Sofá de dois lugares

Estela Lacerda
Maria do Ingá
Published in
2 min readDec 19, 2020
Por Grace Easton

No começo era bom. Até compramos juntos um sofá maior. Cada mês um de nós pagava uma parcela – eram 12 no total, no cartão de crédito. Só assim os três cabiam na sala, com conforto.

Era uma delícia assistirmos tv até mais tarde. Dividíamos a pipoca, o brigadeiro e os beijos. Alternávamos o colo a cada filme ou episódio de série, quarenta e quatro minutos cada um. Ou brigávamos divertidamente pelas almofadas.

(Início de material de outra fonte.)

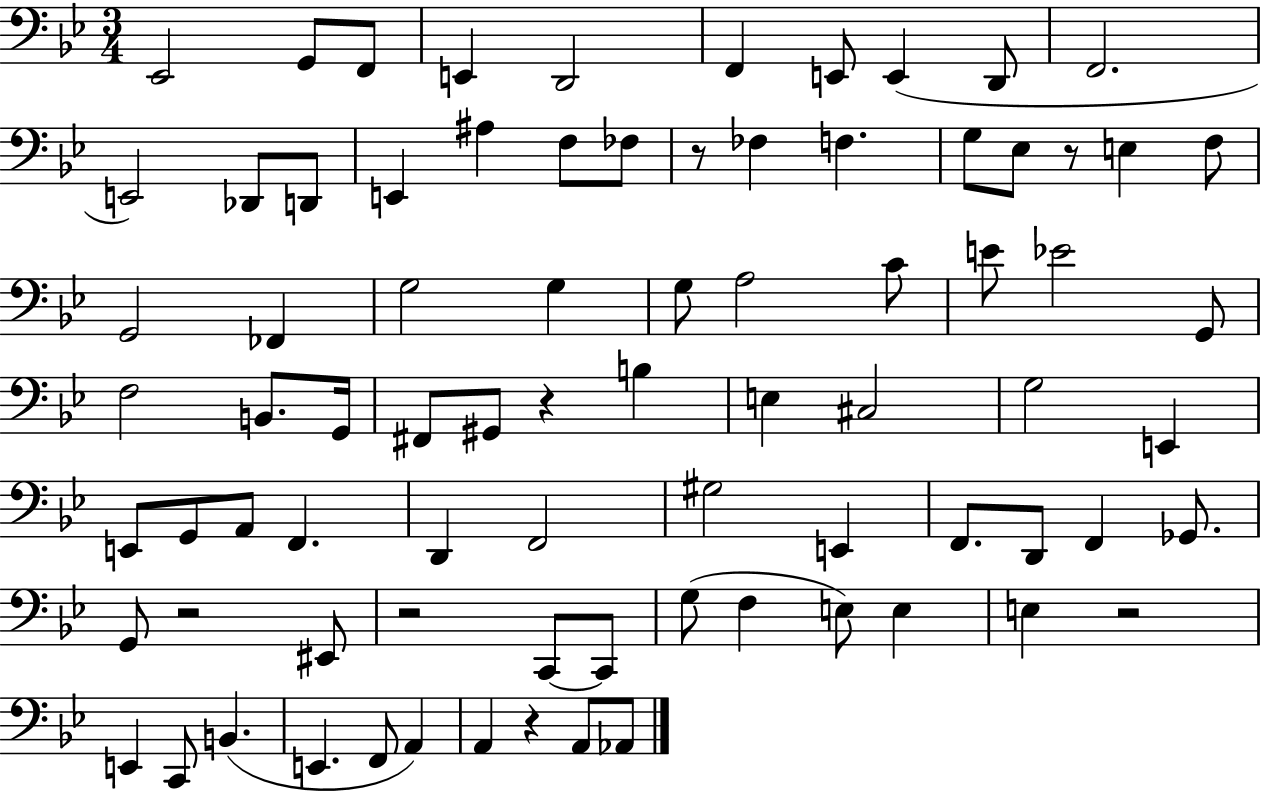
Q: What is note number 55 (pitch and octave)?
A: Gb2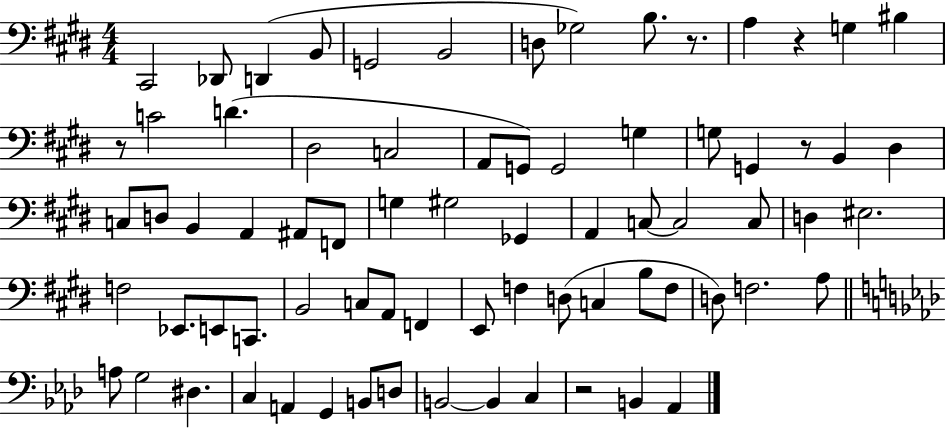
C#2/h Db2/e D2/q B2/e G2/h B2/h D3/e Gb3/h B3/e. R/e. A3/q R/q G3/q BIS3/q R/e C4/h D4/q. D#3/h C3/h A2/e G2/e G2/h G3/q G3/e G2/q R/e B2/q D#3/q C3/e D3/e B2/q A2/q A#2/e F2/e G3/q G#3/h Gb2/q A2/q C3/e C3/h C3/e D3/q EIS3/h. F3/h Eb2/e. E2/e C2/e. B2/h C3/e A2/e F2/q E2/e F3/q D3/e C3/q B3/e F3/e D3/e F3/h. A3/e A3/e G3/h D#3/q. C3/q A2/q G2/q B2/e D3/e B2/h B2/q C3/q R/h B2/q Ab2/q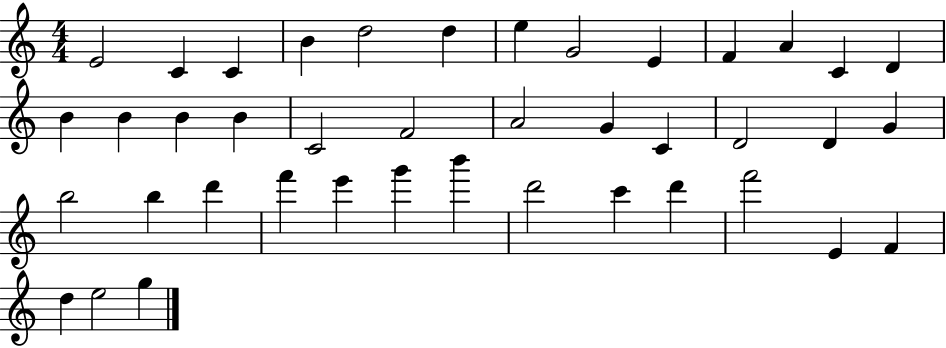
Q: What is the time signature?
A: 4/4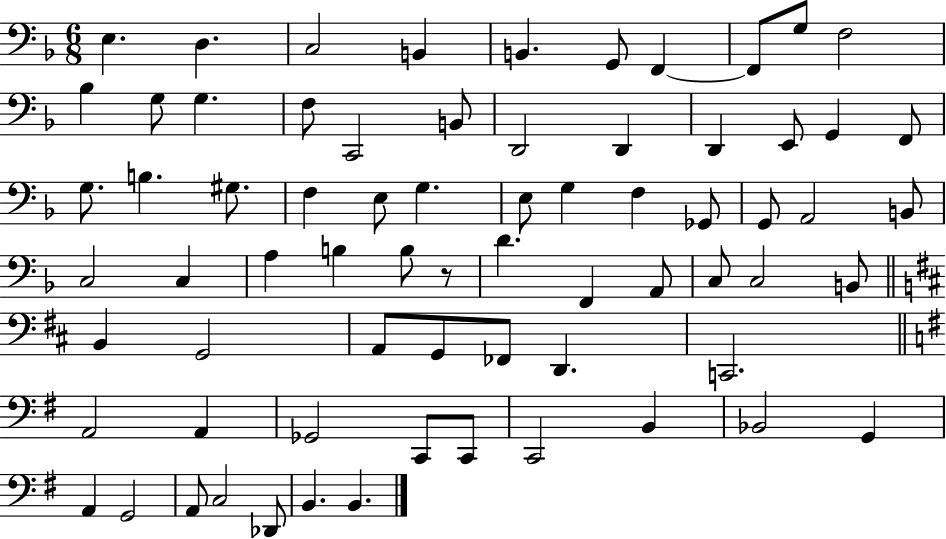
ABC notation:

X:1
T:Untitled
M:6/8
L:1/4
K:F
E, D, C,2 B,, B,, G,,/2 F,, F,,/2 G,/2 F,2 _B, G,/2 G, F,/2 C,,2 B,,/2 D,,2 D,, D,, E,,/2 G,, F,,/2 G,/2 B, ^G,/2 F, E,/2 G, E,/2 G, F, _G,,/2 G,,/2 A,,2 B,,/2 C,2 C, A, B, B,/2 z/2 D F,, A,,/2 C,/2 C,2 B,,/2 B,, G,,2 A,,/2 G,,/2 _F,,/2 D,, C,,2 A,,2 A,, _G,,2 C,,/2 C,,/2 C,,2 B,, _B,,2 G,, A,, G,,2 A,,/2 C,2 _D,,/2 B,, B,,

Fui eu quem cheguei por último, o casal já estava formado. Nos conhecemos em um bar, desses lugares que se vendem como gay, mas onde, no fundo, os funcionários são homofóbicos e viram o olho quando dois homens se beijam – o mesmo não acontece quando são duas mulheres.

Me apaixonei pela Marina no primeiro sorriso que ela deu, exatamente quando fomos apresentadas pelo meu amigo Jean. Depois, fiquei hipnotizada quando ela falava mal de diretores de cinema que muita gente ama, como Woody Allen e Tarantino.

O encantamento era tanto que eu mal notava que ao lado havia o Vitor, o companheiro dela. Ele era bonito e muito arrumado. Desses caras grandes, de barba, mas não malhados. Já a Marina era linda e simples. Vestido solto e cabelo sempre secando ao vento, de batom bem vivo na boca e perfume de erva-doce.

O Vitor veio no combo, não tinha opção. Bom mesmo era quando só eu e Marina ficávamos em casa. Cozinhávamos juntas e atirávamos uma moeda pra ver quem ficaria com a louça. Depois, líamos uma pra outra. A noite era mais gostosa com apenas os nossos barulhos, ou nossos silêncios.

No fundo, Vitor tinha ciúme e sonhava com a família perfeita. Nesse plano, eu sobrava, era a pedra no seu sapato caro e bem lustrado. A peça que não encaixava no quebra-cabeça perfeito que devia ser a vida dele.

O relacionamento durou até a última parcela do sofá, quando ele já estava um tanto esgarçado e com umas descosturas. Sem falar em uma ou outra mancha que parece ser pra sempre.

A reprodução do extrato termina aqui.